Com esse movimento, o setor almeja um melhor cenário de preços e elevar suas exportações para o Oriente Médio, Ásia e África, onde há preferência pelo gergelim doce, principalmente para a produção de tahine e panificação, além de outros pratos típicos.
Outro entrave dos produtores está nos portos. Conforme relata Rosa, a estrutura portuária do país é prioritariamente voltada para os grandes volumes de soja e milho, o que acaba deixando produtos como o gergelim em segundo plano. “Nós temos hoje um problema de atraso hoje. O exportador atrasa porque não há espaço para ele ou a própria verificação fiscal vegetal lá no porto demora mais, não há rapidez. Então, o exportador tem sofrido um pouco”, detalha, ressaltando que esses problemas portuários também são relatados por produtores de feijão da Aprofir.

Derivados e mercado nacional
Além da demanda internacional, o movimento de expansão do gergelim no Brasil é impulsionado também pela valorização dos seus derivados no mercado nacional.
À frente desse desenvolvimento, estão empresas como a Sésamo Real, fundada pelos irmãos Fábio Benatti e Túlio Benatti, pioneiros no processamento de gergelim no Brasil, ainda na década de 80. “Até então, a colheita era manual e isso inviabilizava a entrada de grandes produtores. Mas, com o avanço da mecanização, o gergelim ganhou escala e começou a ocupar uma posição mais relevante na agricultura brasileira”, explicou Túlio ao Agro Estadão.

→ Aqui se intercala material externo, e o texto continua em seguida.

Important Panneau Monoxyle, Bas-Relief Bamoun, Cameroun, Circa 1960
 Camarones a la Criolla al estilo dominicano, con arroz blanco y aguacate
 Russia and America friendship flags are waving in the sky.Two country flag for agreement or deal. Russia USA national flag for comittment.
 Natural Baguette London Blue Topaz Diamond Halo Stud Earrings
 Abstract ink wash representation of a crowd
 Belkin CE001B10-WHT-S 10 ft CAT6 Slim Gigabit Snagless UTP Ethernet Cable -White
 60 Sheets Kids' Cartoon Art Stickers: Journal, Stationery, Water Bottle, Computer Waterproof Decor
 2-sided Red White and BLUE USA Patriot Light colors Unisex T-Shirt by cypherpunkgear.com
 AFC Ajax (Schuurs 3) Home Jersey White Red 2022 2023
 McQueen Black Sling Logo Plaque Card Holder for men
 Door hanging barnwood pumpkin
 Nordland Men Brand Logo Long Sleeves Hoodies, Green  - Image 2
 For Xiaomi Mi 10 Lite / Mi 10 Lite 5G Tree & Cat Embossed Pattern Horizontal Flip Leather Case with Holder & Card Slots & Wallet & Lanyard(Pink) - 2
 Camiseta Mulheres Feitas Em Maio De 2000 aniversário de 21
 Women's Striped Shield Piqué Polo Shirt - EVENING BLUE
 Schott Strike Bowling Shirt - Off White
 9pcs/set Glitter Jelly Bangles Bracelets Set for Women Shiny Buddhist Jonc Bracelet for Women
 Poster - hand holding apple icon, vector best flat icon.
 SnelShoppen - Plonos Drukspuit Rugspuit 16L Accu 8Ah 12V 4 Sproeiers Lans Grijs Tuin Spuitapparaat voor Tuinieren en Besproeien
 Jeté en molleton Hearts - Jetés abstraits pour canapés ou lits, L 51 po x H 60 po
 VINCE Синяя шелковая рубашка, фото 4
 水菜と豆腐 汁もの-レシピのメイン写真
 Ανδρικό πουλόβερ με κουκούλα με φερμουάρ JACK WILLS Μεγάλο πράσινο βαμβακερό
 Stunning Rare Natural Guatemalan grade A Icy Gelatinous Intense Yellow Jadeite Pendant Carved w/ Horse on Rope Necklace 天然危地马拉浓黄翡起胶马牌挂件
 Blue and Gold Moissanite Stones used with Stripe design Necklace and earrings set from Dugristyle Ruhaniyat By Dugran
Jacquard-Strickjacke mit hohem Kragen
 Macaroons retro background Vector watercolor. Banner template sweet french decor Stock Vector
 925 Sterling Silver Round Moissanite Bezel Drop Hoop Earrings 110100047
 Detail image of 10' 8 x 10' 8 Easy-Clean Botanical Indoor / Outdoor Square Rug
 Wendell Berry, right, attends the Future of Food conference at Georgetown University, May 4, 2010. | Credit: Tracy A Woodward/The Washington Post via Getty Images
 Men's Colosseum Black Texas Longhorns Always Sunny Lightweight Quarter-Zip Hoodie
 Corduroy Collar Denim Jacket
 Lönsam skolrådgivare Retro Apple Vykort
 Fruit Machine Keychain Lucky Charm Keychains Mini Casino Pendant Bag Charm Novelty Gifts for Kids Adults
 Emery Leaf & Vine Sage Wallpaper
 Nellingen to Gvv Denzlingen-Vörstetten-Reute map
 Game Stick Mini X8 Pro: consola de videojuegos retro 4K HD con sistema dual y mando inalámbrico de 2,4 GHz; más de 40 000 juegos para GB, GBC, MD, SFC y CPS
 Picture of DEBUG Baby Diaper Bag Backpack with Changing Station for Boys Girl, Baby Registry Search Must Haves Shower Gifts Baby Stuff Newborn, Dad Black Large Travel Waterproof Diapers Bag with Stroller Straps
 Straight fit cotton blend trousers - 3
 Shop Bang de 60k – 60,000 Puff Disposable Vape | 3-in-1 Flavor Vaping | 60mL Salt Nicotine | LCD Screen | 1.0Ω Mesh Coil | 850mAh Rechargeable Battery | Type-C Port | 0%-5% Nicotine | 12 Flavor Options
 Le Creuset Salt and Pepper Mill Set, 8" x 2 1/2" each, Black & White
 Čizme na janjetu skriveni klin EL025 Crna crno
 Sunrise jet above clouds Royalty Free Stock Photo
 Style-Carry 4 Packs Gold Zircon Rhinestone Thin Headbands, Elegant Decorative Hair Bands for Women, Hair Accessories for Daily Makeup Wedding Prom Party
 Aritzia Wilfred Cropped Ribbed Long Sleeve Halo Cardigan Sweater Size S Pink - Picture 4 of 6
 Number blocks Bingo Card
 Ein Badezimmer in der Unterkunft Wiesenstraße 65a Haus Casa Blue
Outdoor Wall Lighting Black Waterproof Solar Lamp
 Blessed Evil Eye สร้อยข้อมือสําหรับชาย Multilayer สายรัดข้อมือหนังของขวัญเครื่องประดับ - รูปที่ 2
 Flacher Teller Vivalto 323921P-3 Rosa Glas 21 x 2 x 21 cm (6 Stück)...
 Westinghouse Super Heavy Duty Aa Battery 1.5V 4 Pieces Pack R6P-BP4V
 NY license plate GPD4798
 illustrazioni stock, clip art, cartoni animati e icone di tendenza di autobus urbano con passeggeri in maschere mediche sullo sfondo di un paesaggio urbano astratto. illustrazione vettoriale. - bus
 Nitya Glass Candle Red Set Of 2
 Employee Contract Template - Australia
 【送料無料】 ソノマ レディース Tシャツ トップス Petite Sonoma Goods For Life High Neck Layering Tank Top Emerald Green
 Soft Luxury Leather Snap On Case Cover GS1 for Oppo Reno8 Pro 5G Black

Há alguns anos, além do mercado de grãos, a Sésamo Real apostou na agregação de valor por meio dos derivados de gergelim. O portfólio inclui gergelim descascado, torrado, óleo de gergelim natural e pasta de gergelim, conhecida como tahine.
No Brasil, a adesão crescente à culinária oriental e a busca por alimentos mais naturais, ricos em proteínas e gorduras saudáveis, contribuem para manter uma demanda aquecida.
E, mesmo com uma variedade predominando entre os cultivos, segundo Benatti, a oferta que chega do campo tem sido suficiente para manter um mercado equilibrado. “O gergelim deixou de ser apenas um grão para decoração de pães. Ele virou protagonista em várias cadeias alimentares e industriais”, destacou.